> **Data block**:
__________
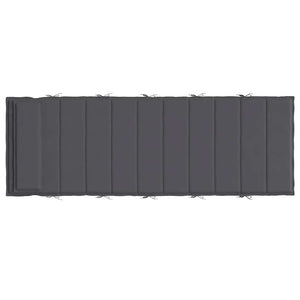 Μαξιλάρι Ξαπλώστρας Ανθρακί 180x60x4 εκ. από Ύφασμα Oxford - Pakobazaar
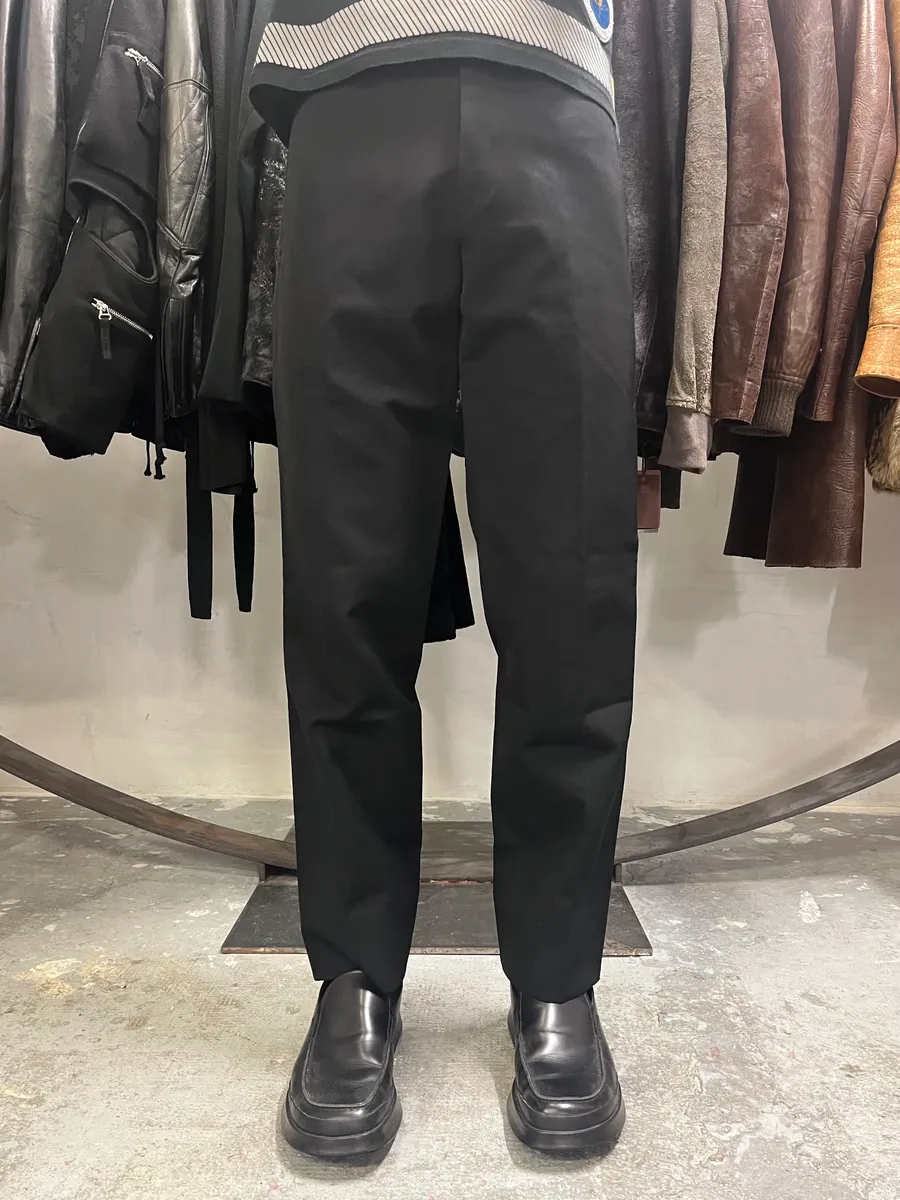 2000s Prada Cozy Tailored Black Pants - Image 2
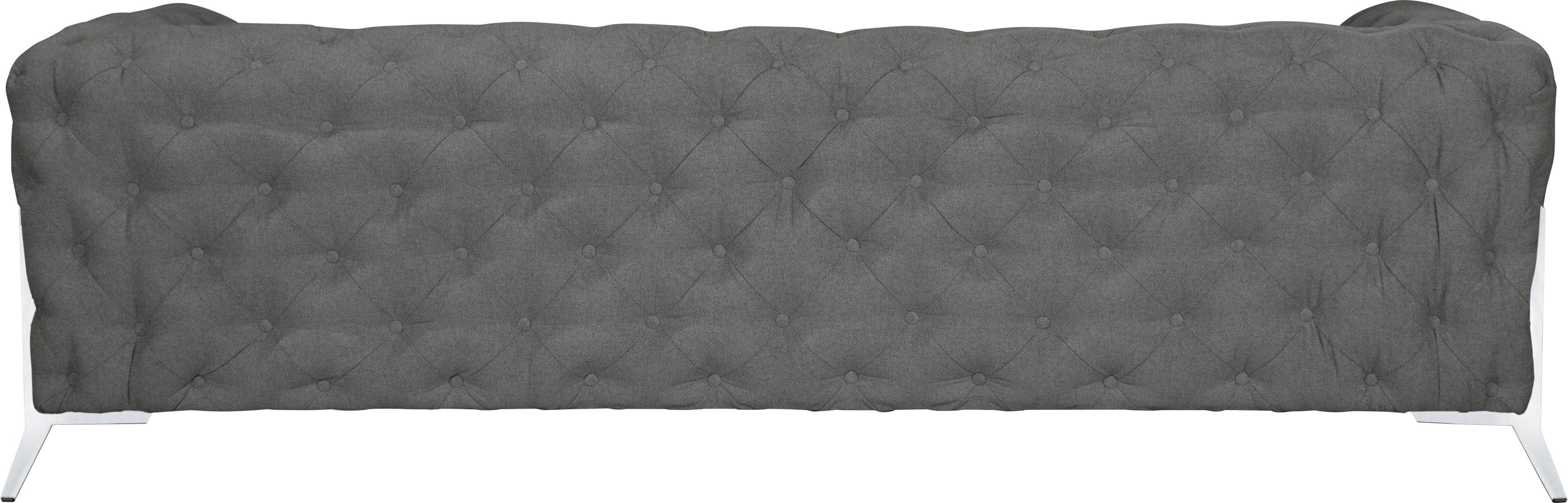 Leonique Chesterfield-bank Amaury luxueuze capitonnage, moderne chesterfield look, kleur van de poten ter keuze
__________
> **Work order**: Retype everything in the material word for word, minus pictures.

> **Task output**:
 Μαξιλάρι Ξαπλώστρας Ανθρακί 180x60x4 εκ. από Ύφασμα Oxford - Pakobazaar
 2000s Prada Cozy Tailored Black Pants - Image 2
 Leonique Chesterfield-bank Amaury luxueuze capitonnage, moderne chesterfield look, kleur van de poten ter keuze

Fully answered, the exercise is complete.